Un agent au service des Rois : le mystérieux Baron de Batz

Notre galerie propose actuellement à son catalogue une très rare et intéressante lettre autographe du légendaire agent et aventurier royaliste Jean-Pierre de Batz (1754-1822). Pour les passionnés de la Révolution française, et pour ceux qui ont été et sont encore sensibles au sort de la famille royale, le Baron de Batz est une grande figure de l’ombre de la Contre-Révolution. Il est celui qui aurait tenté de sauver Louis XVI de l’échafaud. Le 21 janvier 1793, Batz aurait eu pour projet de lever une petite armée de 2.000 gentilhommes chargée d’enlever le roi lors de son (long) parcours entre la prison du Temple et la place de la Révolution. La tentative échoua faute a priori d’une mobilisation suffisante des défenseurs de Louis XVI. 

Le Baron de Batz (1754-1822)

À Paris, une plaque commémore cet épisode  à l’endroit même de la tentative d’enlèvement, 52 rue de Beauregard (2e arrondissement). Cette plaque a été posée en 1989 dans le cadre du bicentenaire de la Révolution française.

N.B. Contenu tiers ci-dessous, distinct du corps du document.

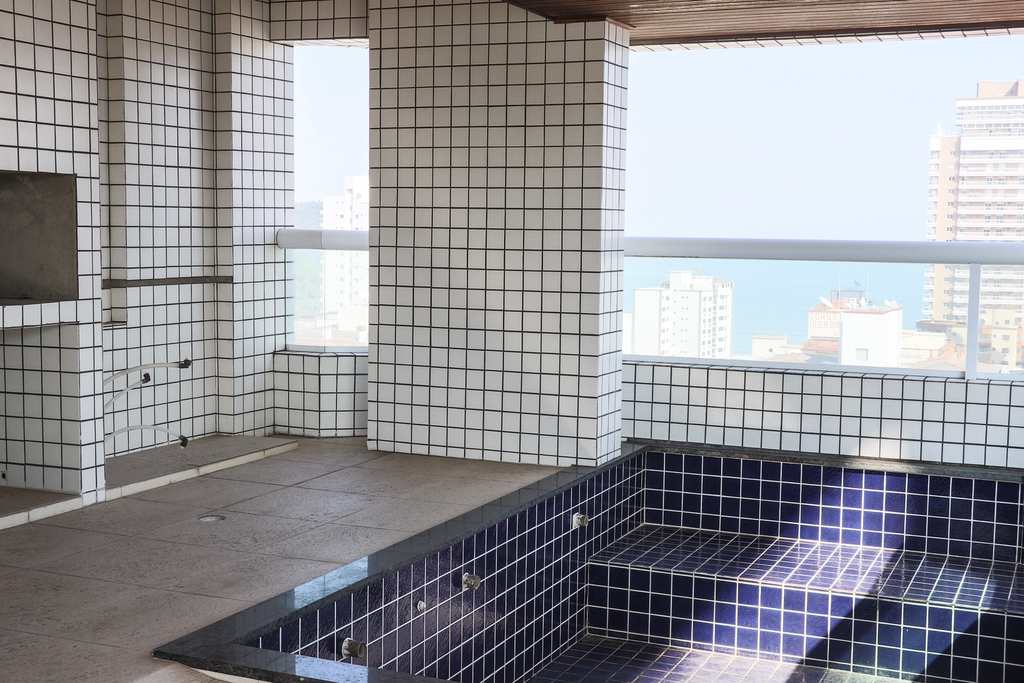 Apartamento em Praia Grande, no bairro Canto do Forte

Néanmoins, des doutes subsistent sur la réalité d’un projet qui est entré dans la légende du royalisme. Les faits seraient nés d’une dénonciation d’un membre du Tribunal révolutionnaire. Cette dénonciation était appuyée par les dires de Pierre Devaux secrétaire personnel de Batz. Or, aucun procès-verbal ou document judiciaire ne nous sont parvenus validant la véracité des faits. Peut-être, pouvons-nous mettre cette absence de sources écrites officielles sur le compte des destructions d’archives qui ont émaillé l’histoire depuis. Toutefois, une chose semble sûre, nous savons que des royalistes ont été tués sur le parcours du roi le menant à la guillotine, et notamment dans le quartier de Bonne-Nouvelle (où se situe encore aujourd’hui la rue Beauregard). 

Quoi qu’il en soit, le mystère entourant le Baron de Batz est auréolé par sa capacité à n’avoir jamais été arrêté alors qu’il était sévèrement recherché sous la Terreur. Certains disent même qu’il avait empêché Robespierre de dormir…
Après l’exécution de Louis XVI, Batz était resté à Paris dans un état de semi-clandestinité. En octobre 1793 il est désigné par le Comité de Salut public comme un des responsable de l’affaire de la liquidation de la compagnie des Indes. Batz est accusé d’avoir voulu ruiner la République (dénoncé par François Chabot à Robespierre alors que Chabot lui-même était accusé). Recherché activement, Batz voyage en province et en Suisse et échappe aux recherches. Il revient à Paris au moment du soulèvement royaliste du 13 vendémiaire   auquel il participe (25 octobre 1795). Il est emprisonné et finalement relâché grâce à sa future épouse (qui avait eu la présence d’esprit de détruire tous les documents suspects à son domicile avant la mise des scellés). Rayé de la liste des émigrés sous le Consulat, Batz cesse toutes activités politiques et se réfugie dans son domaine auvergnat de Chaudieu.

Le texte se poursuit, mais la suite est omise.